Example (a), (b), (c), (d) and (e) are selected from the Parkour dataset. These examples contain large motion and are challenging to existing VSR methods. Our method can reconstruct repetitive patterns like Example (a) and (b), while explicit frame alignment methods TOFlow [36] and TGA [10] fail due to the inaccurate frame alignment. EDVR [31] result is more blurry than our result in example (a) and (b), and the blurry issue is more visible when viewed in dynamics as we will show in the supplementary video. This indicates that the deformable convolution alignment cannot handle the alignment with large frame displacement. The VSR and SISR methods PFNL [42] and CSNLN [18] using non-local attention also suffer from the blurry issue, potentially due to the non-local attention performance degradation problem discussed in Sec. 3.2.

Example (c) focuses on general details of objects. The frame-aligning VSR methods introduce ghosting artifacts (EDVR [31]) and deformation (TOFlow [36] and TGA [10]) due to the inaccurate alignment. PFNL [42] and CSNLN [18] results have less detail than ours, indicating that our one-hot non-local attention improves the quality of regular non-local attention. Example (d) focuses on human face shape and details. As shown in the bicubic result, the original facial details are completely lost due to the down-sampling. Our method reconstructs visually pleasing details of human faces thanks to the memory-augmented module, while the comparison methods introduce blur (EDVR [31], TOFlow [36] and PFNL [42]) or reconstruct shapes that do not look like a human (TGA [10] and CSNLN [18]).

Example (e) contains thin structures. Similar to examples (a) and (b), failure in frame alignment has negatively affected the VSR methods.
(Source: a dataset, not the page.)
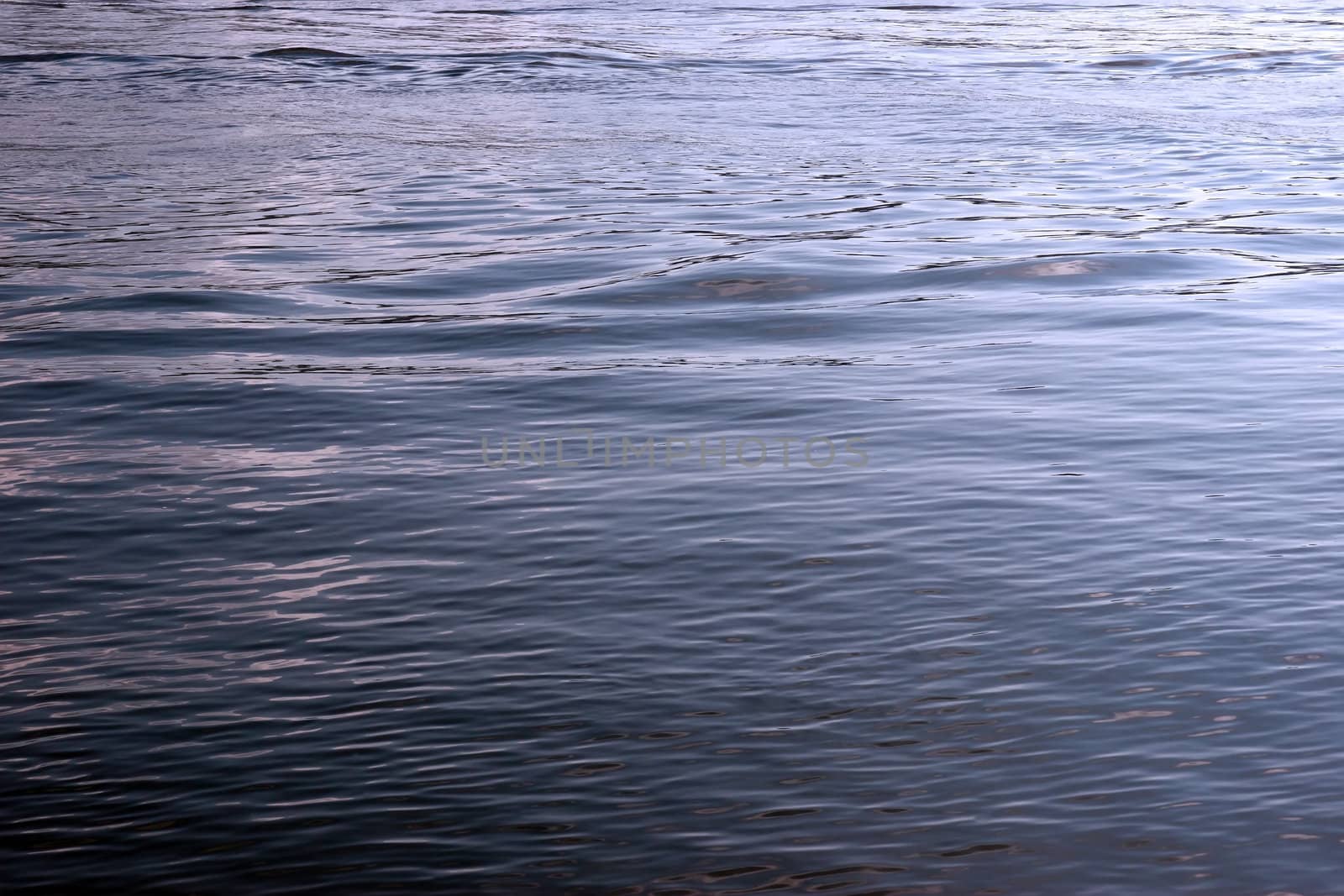 the ripples and wave patterns in the water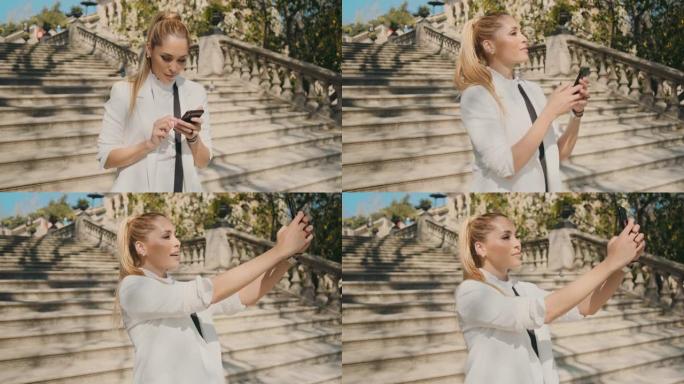 经典套房中年轻美丽优雅的女人自信地在智能手机上自拍站在老城区公园的楼梯上的建筑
In this case, the performance of VSR methods EDVR [31], TOFlow [36] and TGA [10] are even worse than the SISR method CSNLN [18]. Our method with one-hot non-local attention can achieve a comparable result to CSNLN [18] in this example since our network does not require frame alignment.

As we will discuss in Sec. 4.3, the overall average quantitative metric score of our method is slightly inferior to that of EDVR [31] and TGA [10] in the Vimeo90K [36] and Vid4 dataset [20] which are relatively easy for frame aligning VSR methods. However, a larger deviation to the ground truth does not always indicate worse performance. Example (f) and (g) are selected from the Vimeo90K [36] test set. Our method tends to produce visually sharper results than EDVR [31] and TGA [10], which is often more preferred in the video super-resolution task. Example (h) is a widely used example in Vid4 [20]. In this example, EDVR [31] and TGA [10] generate the best results, but our result is comparable to their results.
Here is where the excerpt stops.